ProteinChip Data Manager software (PCDMS) version 4.1 with integrated Biomarker Wizard cluster analysis (Bio-Rad) was used for analysis. SELDI-TOF-MS traces were split into two groups: Control and myosteatosis based on CT scan analysis. The baseline was subtracted from individual m/z traces and profiles were normalised using total ion current, followed by identification of peak clusters using the cluster analysis tool. Peaks were selected in the first pass where the signal to noise (S/N) ratio was >5 and had a valley depth of at least 3. In the second pass the S/N ratio was 2 and the valley depth was also 2. The cluster mass window was set to 0.2% of mass. Clustered peaks were only included if they occurred in at least 10% of all spectra. The resulting P-values, ROC areas, mean and median m/z values, and intensities of the clustered peaks were exported and saved as ‘.csv’ files and used for model building. Heat-maps using Pearson's correlation and principle component analysis plots were calculated to assess global group divisions (i.e., myosteatosic and non-myosteatotic). A two-sample t-test was used to compare mean normalised intensities between the case and control groups. P<0.05 was considered statistically significant.

Model building and validation

Clustered peak lists were analysed with the Biomarker Pattern software (BPS; Bio-Rad). The m/z versus intensity matrices were analysed using decision tree-analysis, selecting the standard error rule of minimum cost-tree regardless of size. The method used was Gini. V-fold testing was set to 1,000. A total of 20 myosteatosis samples and 20 control samples were chosen randomly and used as the learning and testing dataset. The remaining 15 samples were used as the validation dataset for blind-testing. Sensitivity was defined as the probability of predicting myosteatosis cases, and the specificity was defined as the probability of predicting non-myosteatotic samples.

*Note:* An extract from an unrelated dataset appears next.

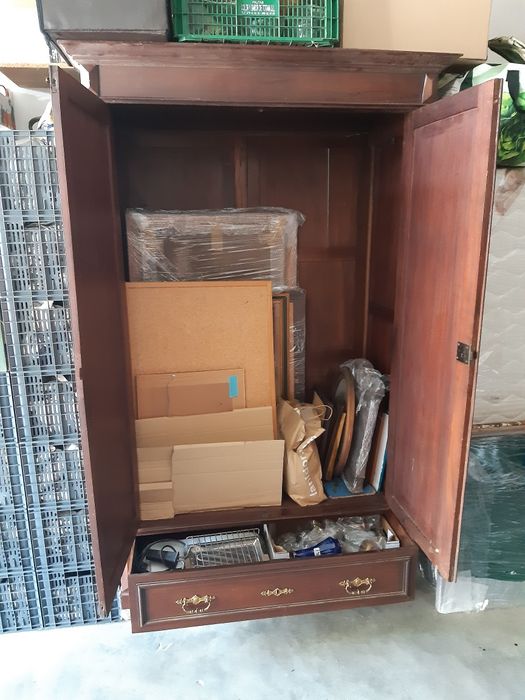 Armário guarda-fatos antigo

Peak isolation and identification

Peaks observed in the CM10 and IMAC30 chip-types which show marked expression differences between control and myosteatosis samples, or were branching points in the models were further investigated as detailed below: 0.5 ml of urine from positive or negative samples in relation to specific peaks was added to 30 ml CM10 or IMAC30 spin column resins (Bio-Rad). A total of 0.75 ml of binding buffer [0.1 M NaHPO4 (pH 4.0) for CM10 resins and 0.1 M NaHPO4 (pH 7.0) and 0.5 M NaCl for IMAC30 resins]was then added. These were incubated for 1 h at room temperature under constant agitation. Unbound material was removed and the resin was washed 4 times with 0.3 ml binding buffer. Bound material was separated by electrophoresis on a 16.5% Tris-Tricine gel (Bio-Rad) and gel bands in the region of 2 to 10 kDa were excised after Coomassie staining (BioSafe Coomassie; Bio-Rad). Positive and negative samples were chosen on the presence or absence of a specific m/z peak to be identified based on SELDI-TOF-MS analysis. Proteins and peptides from gel bands were digested in situ with trypsin, the resulting peptides eluted with ACN, and analysed using LC-MS/MS as previously described (16). Fragmentation spectra were then processed by Xcalibur and BioWorks software (Thermo Fisher Scientific, Loughborough, UK) and submitted to the Mascot search engine (Matrix Science, London, UK) using UniProt/SwissProt (release July 2010, Homo sapiens, 18,055 sequences) as the reference database. Mascot search parameters were: Enzyme specificity trypsin, maximum missed cleavage 1, fixed modifications cysteine carbamidomethylation, variable modification methionine oxidation, precursor mass tolerance +/-3 Da, fragment ion mass tolerance +/-0.4 Da. Only Mascot hits with a false discovery rate of <0.05 were taken into consideration. Proteins with ≥2 peptide matches were analysed by pattern matching based on SELDI-TOF-MS measured expression levels of peaks of interest (expected abundance in selected samples) and observed presence of proteins. Peptide distribution of identified peptides within a protein as well as calculated molecular mass of identified proteins was used to assess whether breakdown products were likely to account for mass variances between the expected mass and the molecular weight of the full-length protein.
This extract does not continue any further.